Distributed.jl - part 2

Solution 1: an array of Future references

We could create an array (using array comprehension) of Future references and then add up their respective results. An array comprehension is similar to Python’s list comprehension:

a = [i for i in 1:5];
typeof(a)   # 1D array of Int64

We can cycle through all available workers:

[w for w in workers()]                      # array of worker IDs
[(i,w) for (i,w) in enumerate(workers())]   # array of tuples (counter, worker ID)

Exercise 6

Using this syntax, construct an array r of Futures, and then get their results and sum them up with

print("total = ", sum([fetch(r[i]) for i in 1:nworkers()]))

With two workers and two CPU cores, we should get times very similar to the last run. However, now our code can scale to much larger number of cores!

Exercise 7

Now submit a Slurm job asking for four processes, and run the same code on two full Cassiopeia nodes (4 CPU cores). Did your timing change?

Solution 2: parallel for loop with summation reduction

Unlike Base.Threads module, Distributed provides a parallel loop with reduction. This means that we can implement a parallel loop for computing the sum. Let’s write parallelFor.jl with this version of the function:

function slow(n::Int64, digits::Int)
    @time total = @distributed (+) for i in 1:n
        !digitsin(digits, i) ? 1.0 / i : 0
    end
    println("total = ", total);
end

A couple of important points:

  1. We don’t need @everywhere to define this function. It is a parallel function defined on the control process, and running on the control process.
  2. The only expression inside the loop is the compact if/else statement. Consider this:
1==2 ? println("Yes") : println("No")

The outcome of the if/else statement is added to the partial sums at each loop iteration, and all these partial sums are added together.

Now let’s measure the times:

slow(10, 9)
slow(Int64(1e9), 9)   # total = 14.241913010399013

This will produce the single time for the entire parallel loop (19.03s in my case).

Exercise 8

Repeat on two full Cassiopeia nodes (4 CPU cores). Did your timing change?

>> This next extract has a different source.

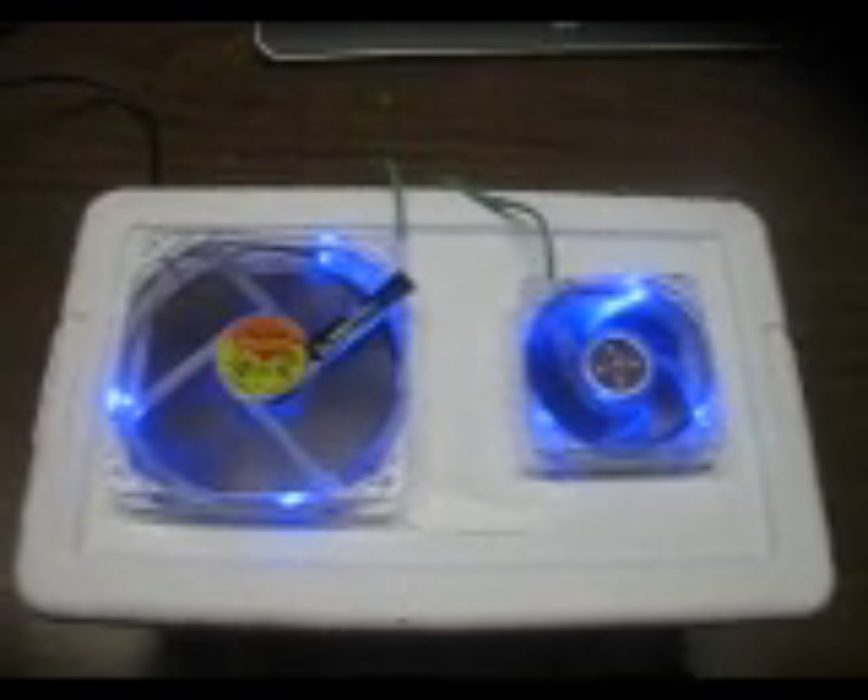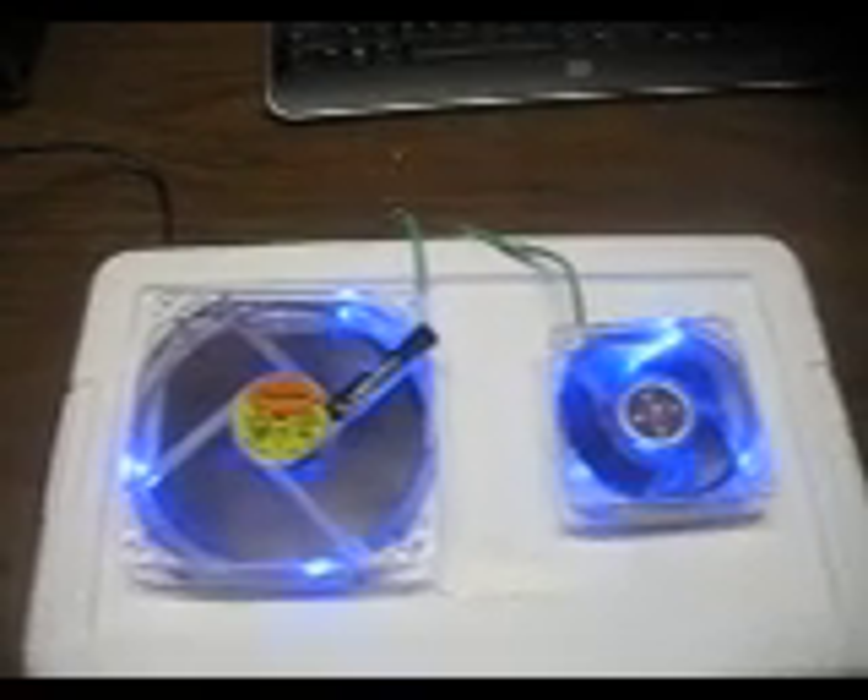So, if you want to make yourself one of these, look up Household Hacker's mini AC unit how-to video, or whatever the heck it's called. Comment, rate, subscribe, and see you later.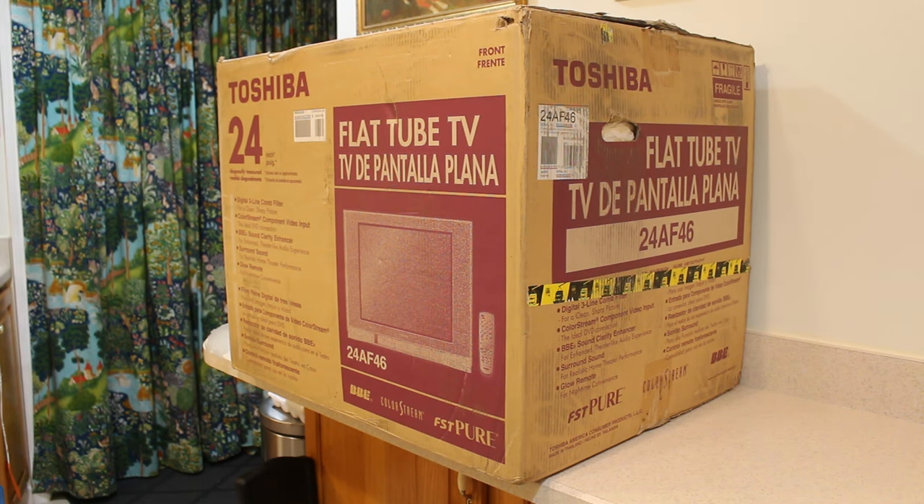What is going on everyone — in today's video I'm going to do the unboxing and review of this brand new Toshiba flat tube TV, model number 24AF46 from 2006. I just recently picked this up at a local thrift store for only $25, brand new sealed. I'm going to open it up, go over the specs, and then plug it into some old-school gaming systems as well as a PC to see how awesome the picture is on this flat tube TV. Please don't forget to like, share, and subscribe.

I tested this code (parallelFor.jl) on Cedar with v1.5.2:

#SBATCH --ntasks=...   # number of MPI tasks
#SBATCH --cpus-per-task=1
#SBATCH --nodes=1-1   # change process distribution across nodes
#SBATCH --mem-per-cpu=3600M
#SBATCH --time=0:5:0
#SBATCH --account=...
module load julia/1.5.2
echo $SLURM_NODELIST
# comment out addprocs() in the code
julia -p $SLURM_NTASKS parallelFor.jl
Code Time
serial 48.2s
4 cores, same node 12.2s
8 cores, same node 7.6s
16 cores, same node 6.8s
32 cores, same node 2.0s
32 cores across 6 nodes 11.3s

Solution 3: use pmap to map arguments to processes

Let’s write mappingArguments.jl with a new version of slow() that will compute partial sum on each worker:

@everywhere function slow((n, digits, taskid, ntasks))   # the argument is now a tuple
    println("running on worker ", myid())
    total = 0.0
    for i in taskid:ntasks:n   # partial sum
        if !digitsin(digits, i)
            total += 1.0 / i
        end
    end
    return(total)
end

and launch the function on each worker:

slow((10, 9, 1, 1))   # package arguments in a tuple
nw = nworkers()
args = [(Int64(1e9),9,j,nw) for j in 1:nw]   # array of tuples to be mapped to workers
println("total = ", sum(pmap(slow, args)))   # launch the function on each worker and sum the results

These two syntaxes are equivalent:

sum(pmap(slow, args))
sum(pmap(x->slow(x), args))

Optional integration with Slurm

ClusterManagers.jl package lets you submit Slurm jobs from your Julia code. This way you can avoid writing a separate Slurm script in bash, and put everything (Slurm submission + parallel launcher + computations) into a single code. Moreover, you can use Julia as a language for writing complex HPC workflows, i.e. write your own distributed worflow manager for the cluster.

However, for the types of workflows we consider in this workshop ClusterManagers.jl is an overkill, and we don’t recommend it for beginner Julia users.